In conclusion the ‘’festival’’ was excellent. I enjoyed my town in a new light and remembered what I had enjoyed the three years previous. The ticket mathematically was pennies! 9 Venues and 70 bands although in reality you would struggle to ‘’see’’ many. See Stockton through fresh eyes!

Review: Gu-Ru EP

Gu-Ru EP Review
Songs send you to places both good and bad. ‘’Riders On The Storm’’ by the Doors creates a gloomy thoughtful dreamy world. A lonely night in a motel room on a some imagined odyssey. Anything by Manu Chao sends me to a messy party. Stumbling through corridors in a heaving throng of strangers and friends. So where did Gu-Ru’s 4 track EP send me?
Gu-RuThe EP kicks off with a confident strutting track in the shape of ‘’Full Tilt Motor Groove’’. It conjures up 70’s decadence to me. Lounging in the rear of a large American convertible rolling through a downtrodden neighbourhood. Gu-Ru’s opener makes you feel like you’re listening to a jam, something funky, relaxed and improvised but after a while you realise that the track is in fact very sculptured and deliberate. I suppose that’s why I found myself in my imagined Cadillac. Effortless cool often takes a great deal of effort. That’s not to say the track is contrived. It’s a showcase of Gu-Ru’s skill with a vintage organ’s nuances. The band rise and fall in tight syncopation. Leaving you wondering where the rest of the Cadillac ride will take you.
‘’Moongroove’’ is another immediate and confident track. Lee Spreadbury (keys) riffs over and over as the band lay a solid bedrock to carry the catchy likable refrain. Drums are thick and splashy with a Bass line that compliments the keys. The whole EP and the band’s sound is a nod to another era and this track is the one that sounds the most vintage on the EP. Not cheesy but the vibraphone interludes and spacey sounds give it a fun and nostalgic feel. A 70’s hotel bar early on an evening dripping in animal print and paisley.
Canyon’s is much less clear cut. It moves through several moods. The three piece have a clear sound. Bass, Drums, and a myriad of organ sounds that they don’t over complicate in the mix. Each instrument is prominent and bold. I listened to the tracks in the dark with headphones. It’s a slower affair. It has a sexiness to it but it’s too sharp too really fill that adjective. In fact three minutes in a break in the music and a building resurgence makes it become quite an emotive. The band sound bigger and the song comes over you like a wave, a wave that nearly overwhelms but stays just long enough to feel exciting and intriguing.

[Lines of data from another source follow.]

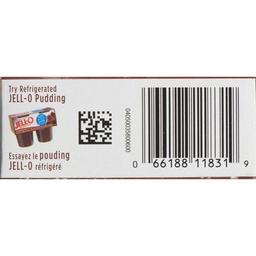 Product thumb gallery 723196798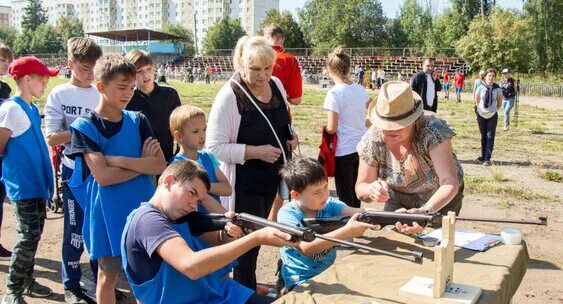 Тимоново (городской округ Солнечногорск). Стадион Тимоново Солнечногорск. КДЦ В городе Солнечногорске Тимоново. Жители Тимоново. Кдц тимоново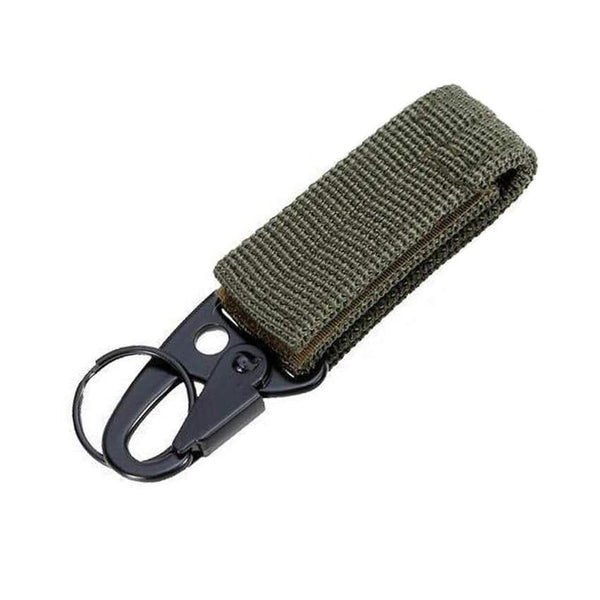 Jeans Belt For Men Aluminum Alloy Pluggable Buckle Training Tactical Belts Comfortable High Quality Male Belt Hunting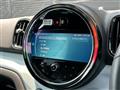 2022 BMW MINI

Sometimes laying in the ocean can feel scary but it’s always nice to dabble in deep waters.
After being warmed up by ‘’Full Tilt Motor Groove’’ and ‘’Moongroove’’ you’re then toyed with by ‘’Canyon’s’’. Next you are showed the full scale of Gu-Ru in ‘’Pusher’’. The track starts like a melancholic love song. Spreadbury's love of Jazz shines through stronger than other songs and for a minute or so the EP gives you a breather. Then you are back into the fun, funky pulsing trio’s sharp chiseled groove. In places it sounds familiar to previous tracks but in this style of music that is fine. Tempo and volume are played with to create an exciting and slightly longer track. Something the group could be criticised for not doing with the previous three tracks. I’m back in my Cadillac and having dabbled in the ocean and stayed in my opulent 1970’s hotel having a bath in a gold tub with fruity cocktail topped with an umbrella, the journey is over.

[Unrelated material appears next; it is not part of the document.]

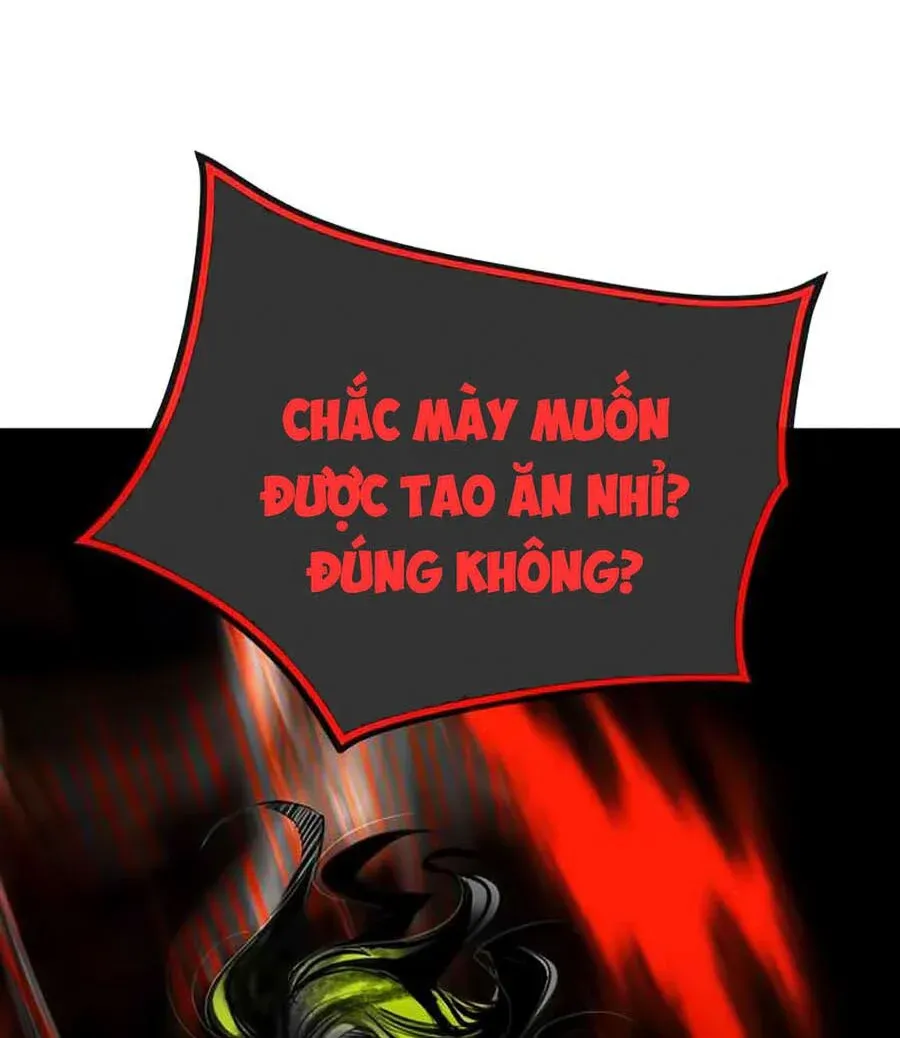 đọc truyện Nhân Trùng Đại Chiến Chương 10 ảnh 13 tại Thiên Thai Truyện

This is very much a love letter to vintage organ sounds and to some it may not redefine this genre. It does however showcase some excellent musical skill in tight concise nuggets of genuinely exciting music. I felt the tracks were a little short but I am certain that Gu-Ru will explore these tracks at length at any of their live shows. I know from videos posted on their social media that they are playing with adding vocals. The band clearly love this music and live it. Looking at band shots it’s clear these guys would look at home in any of my metaphors and this just adds to the experience of Gu-Ru. If you’ve been fond of a Rhodes organ or a funky bass line. If you love to hear a drummer follow music not just as rhythm but as an accompanying in instrument give Gu-Ru’s EP fifteen minutes.